J'ai un gros soucis. En effet, j'ai fait tombé mon powerbook de mon bureau et il est tombé sur l'alimentation en pliant légèrement l'adapatateur secteur. 
Mais depuis rien n'y fait! Mon ordinateur marche correctement mais de temps en temps ( tres frequemment meme) il va m'afficher des kernel panic et me demander de redemarrer. 
Et en m'executant, j'ai meme le droit a avoir un ecran tout noir au redemarrage. 
Je me demande d'ou peut provenir le problème sachant qu'il commance a bugger lorsque je plug et je "dé" plug l'adaptateur secteur ou bien lorsque je bouge l'ecran plusieurs fois de haut en bas! Si je ne touche pas a l'ordinateur il fonctionne parfaitement mais des lors que je baisse ou lève l'ecran c'est le kernel panic! 
Je ne sais pas d'ou peut provenir le problème! Je suis une fidèle utlisatrice de mac et je n'est jamais eu de problème du genre depuis mon ibook palourde. 

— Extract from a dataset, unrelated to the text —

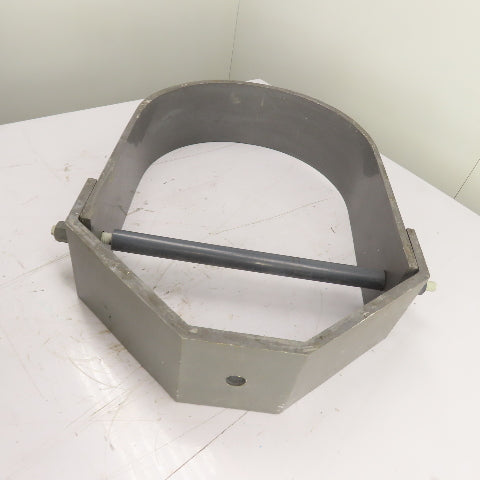18" Fiberglass Adjustable Clevis Hanger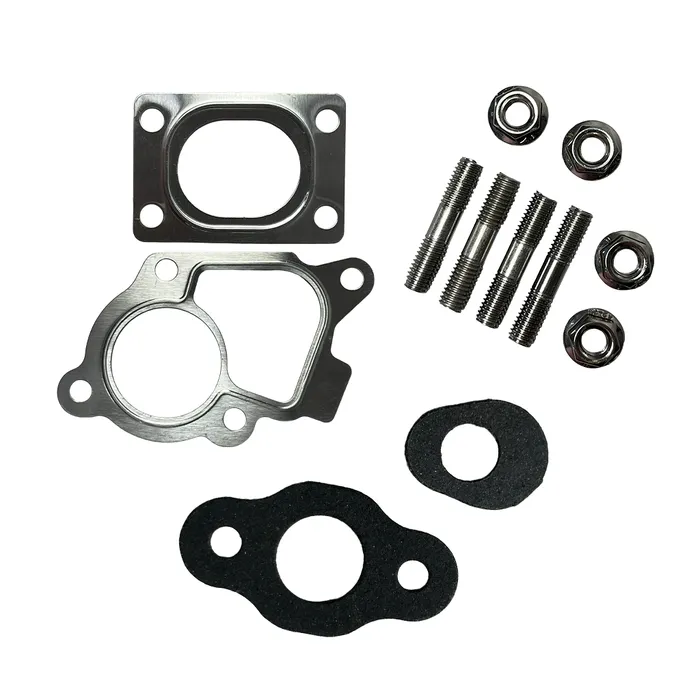 700846 / Turbina Motor Kubota V3307T Aplicável Minicarregadeira Bobcat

Je peut répondre a toute vos questions quand aux differents problèmes que je rencontre lors de l'utilisation. 

Merci enormement de votre aide!!!


----------



## jean-lou (3 Août 2005)

cestdelafolie a dit:
			
		

> Je ne sais pas d'ou peut provenir le problème!



Peut etre du fait qu'il soit tombé de ton bureau 

Sinon va là http://www.osxfacile.com/kernel.html
ca t'apporteras peut etre des réponses 

JEanlOu


----------



## Kounkountchek (3 Août 2005)

Salut, 
si tu as des problemes lors de manipulations, c'est qu'il ya peut etre des faux contact depuis la chute.
Fais attention tout de meme, sauvegarde les données "precieuses" de ton ordi, et il faudra envisager de l'envoyer à reparer je suppose.


----------



## supermoquette (3 Août 2005)

tu as reçu un cd Apple Hardware Test, lance le et regarde ce qu'il te dit, c'est clairement un problème hard ça


----------



## cestdelafolie (3 Août 2005)

Je sais bien que cela est du au fait qu'il soit tombé, car le problème est apparu aprés sa chute.
Le problème c'est que je suis aller voir un centre apple est il me dise (sans meme examiné l'ordinateur) que cela est un problème de la carte mère. Je n'est pas envie de débourser 800 euros ou 1000 euros pour un problème peut etre mineur. Avez vous deja rencontrer ce type de default ou savez vous de quel endroit cela peut-il venir?


----------



## cestdelafolie (3 Août 2005)

Justement, je n'arrive pas a mettre la main sur ce CD, je suis en train de chercher sur le net si ce logiciel peut etre téléchargé.


----------



## r e m y (3 Août 2005)

Alors dans les problèmes mineurs que tu peux peut-être vérifier avant d'envisager une réparation couteuse, tu peux vérifier si la ou les barrettes de RAM sont toujours bien en place. Il est possible que dans le choc, elle(s) aie(nt) été déclipsée(s)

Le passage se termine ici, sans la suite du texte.